- [To do]:
What you return should match every record exactly, with the images removed.

- [The data]:
=====

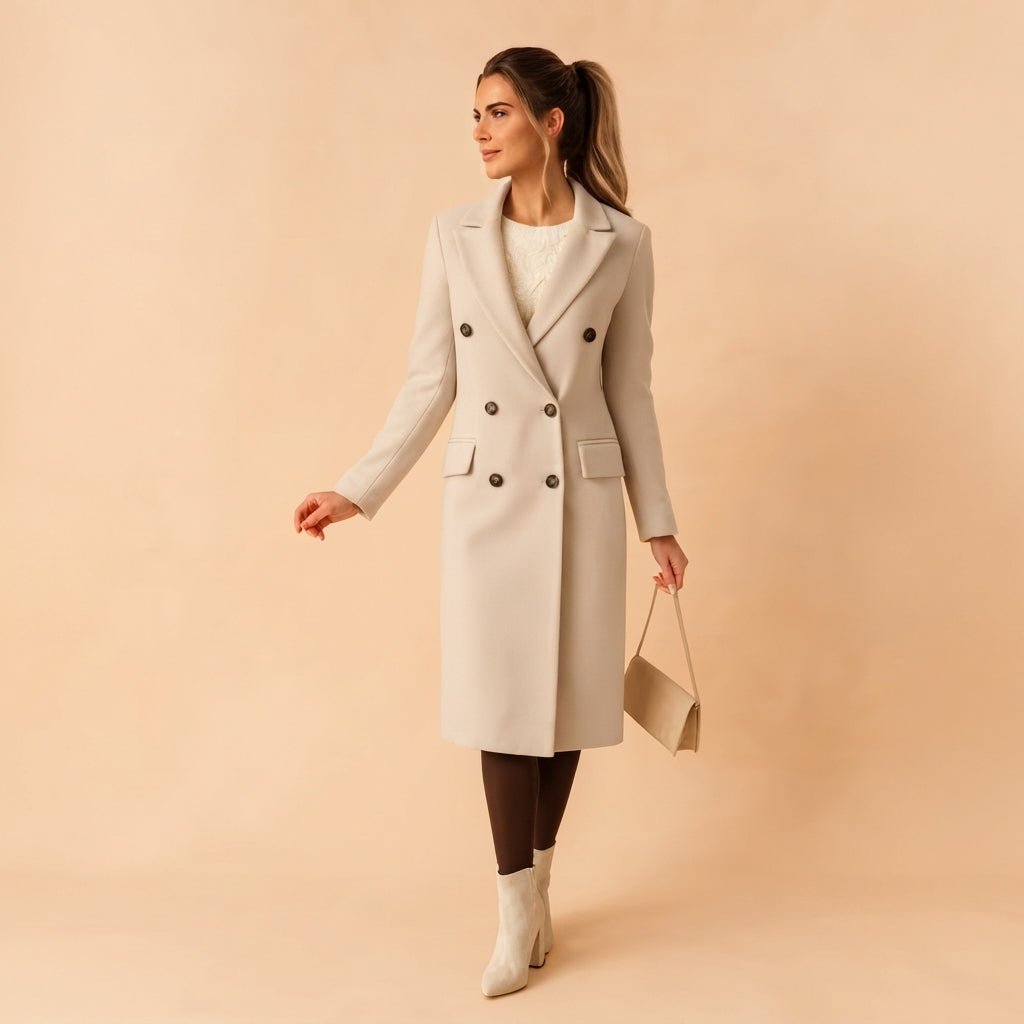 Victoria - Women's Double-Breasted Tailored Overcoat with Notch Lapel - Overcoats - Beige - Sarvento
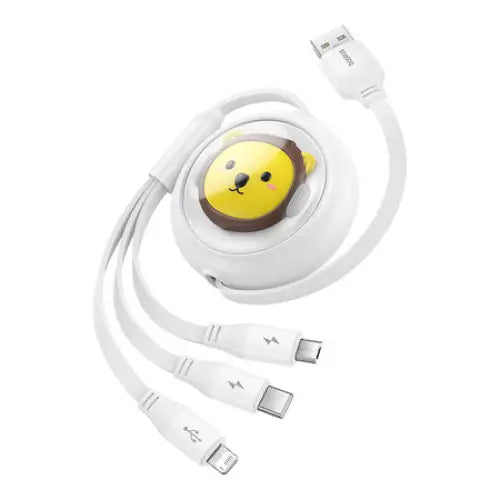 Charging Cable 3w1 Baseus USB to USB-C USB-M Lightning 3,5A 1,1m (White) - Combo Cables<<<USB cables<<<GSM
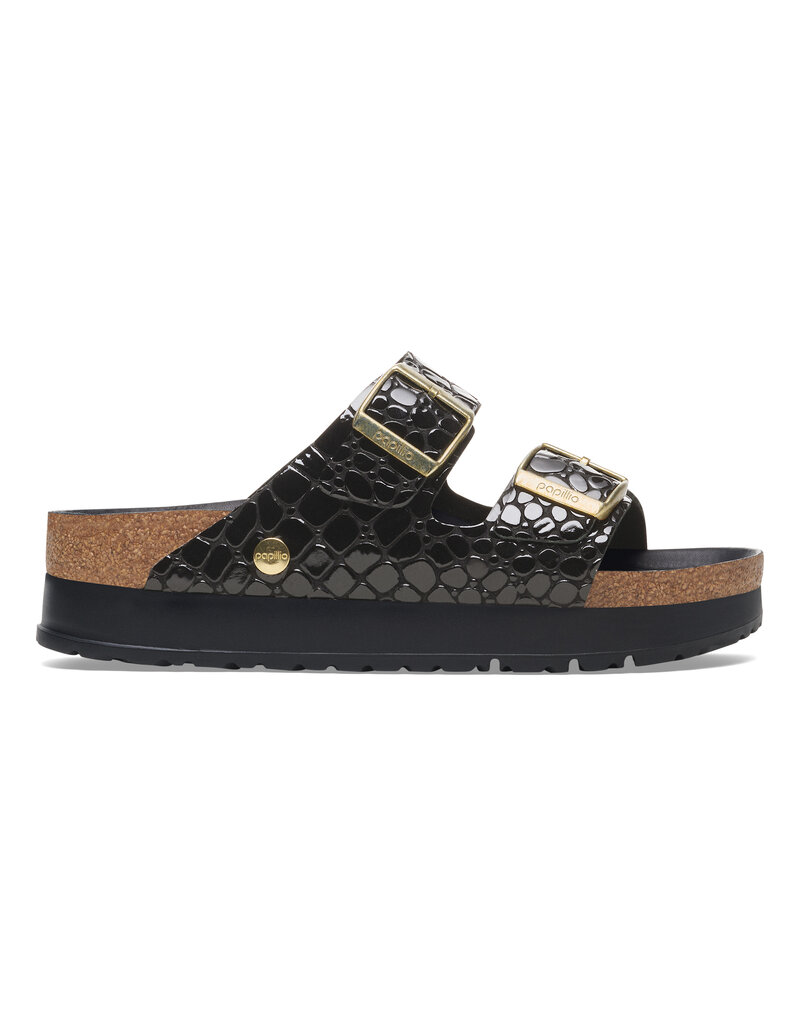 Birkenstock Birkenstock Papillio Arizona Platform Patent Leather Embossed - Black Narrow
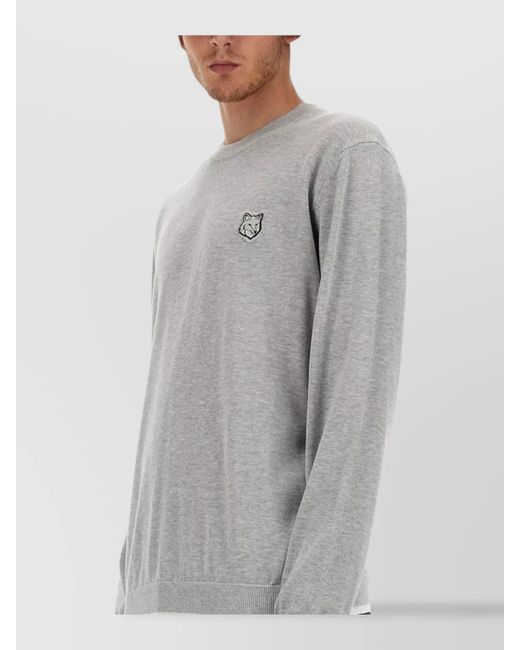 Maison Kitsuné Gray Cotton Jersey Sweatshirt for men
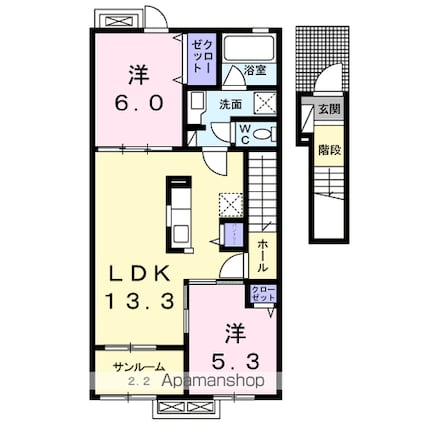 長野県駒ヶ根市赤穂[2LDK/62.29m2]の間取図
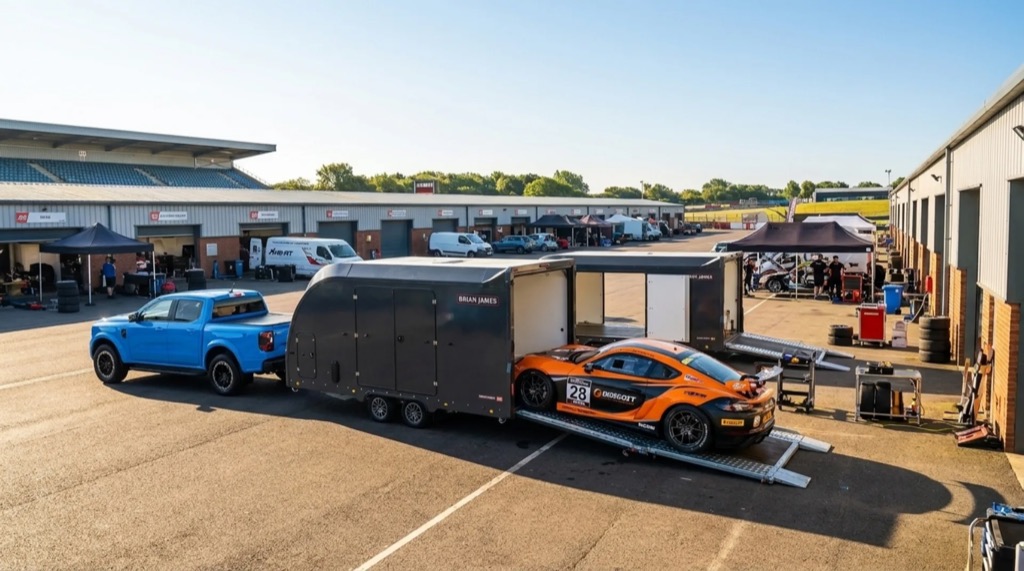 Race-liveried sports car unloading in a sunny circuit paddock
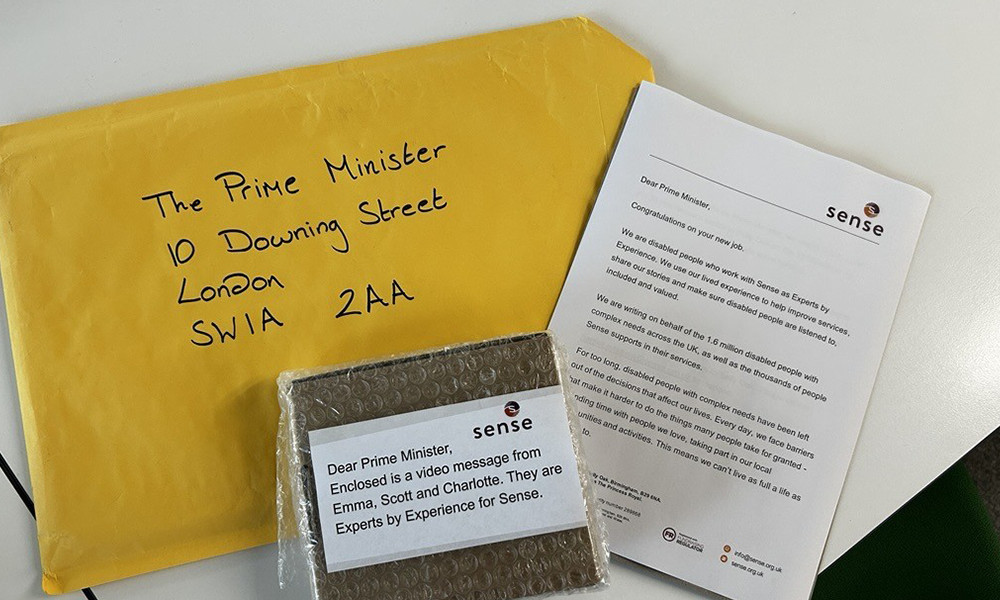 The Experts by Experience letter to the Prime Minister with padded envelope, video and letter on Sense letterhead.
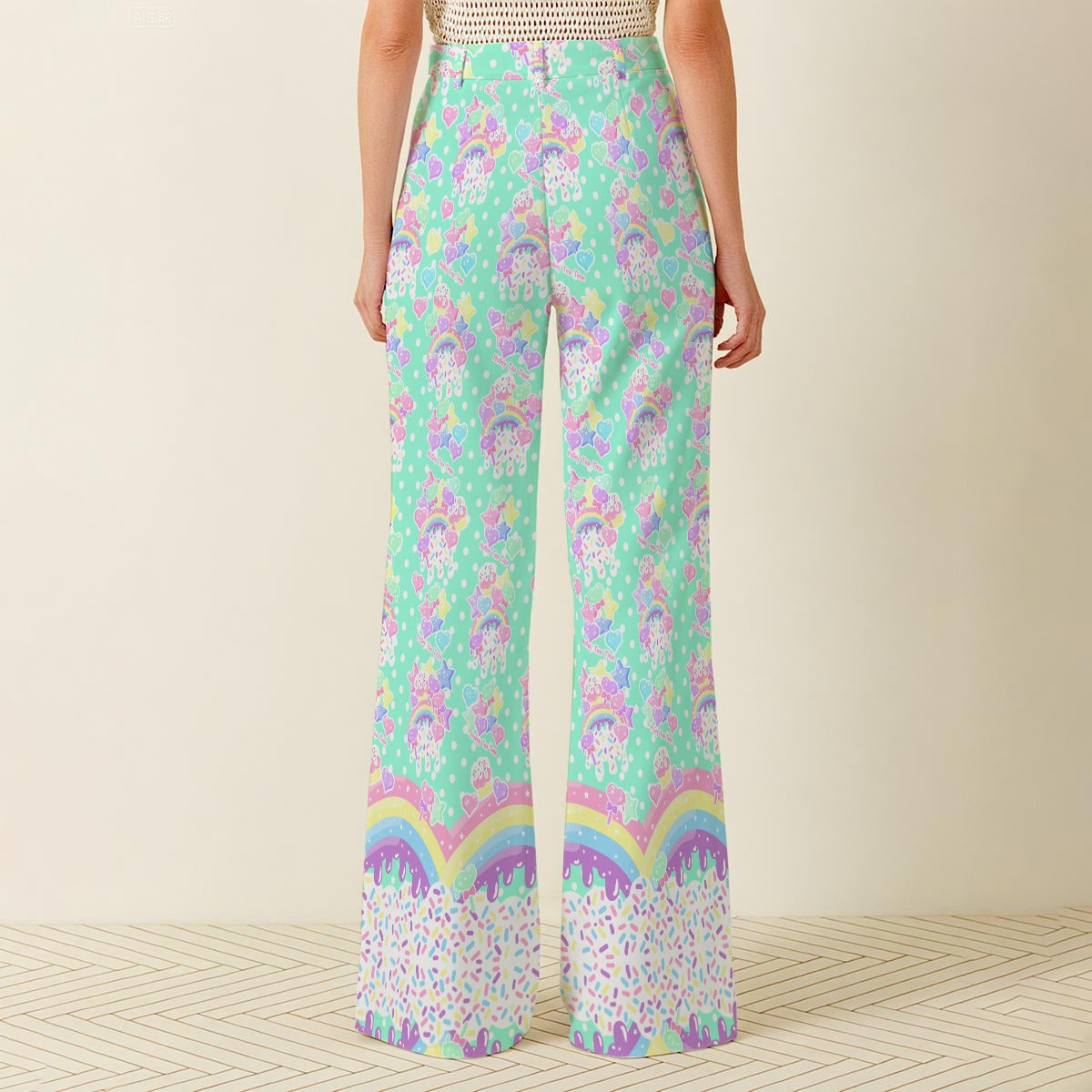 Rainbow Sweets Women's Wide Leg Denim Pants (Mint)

=====

- [Result for this task]:
 Victoria - Women's Double-Breasted Tailored Overcoat with Notch Lapel - Overcoats - Beige - Sarvento
 Charging Cable 3w1 Baseus USB to USB-C USB-M Lightning 3,5A 1,1m (White) - Combo Cables<<<USB cables<<<GSM
 Birkenstock Birkenstock Papillio Arizona Platform Patent Leather Embossed - Black Narrow
 Maison Kitsuné Gray Cotton Jersey Sweatshirt for men
 長野県駒ヶ根市赤穂[2LDK/62.29m2]の間取図
 Race-liveried sports car unloading in a sunny circuit paddock
 The Experts by Experience letter to the Prime Minister with padded envelope, video and letter on Sense letterhead.
 Rainbow Sweets Women's Wide Leg Denim Pants (Mint)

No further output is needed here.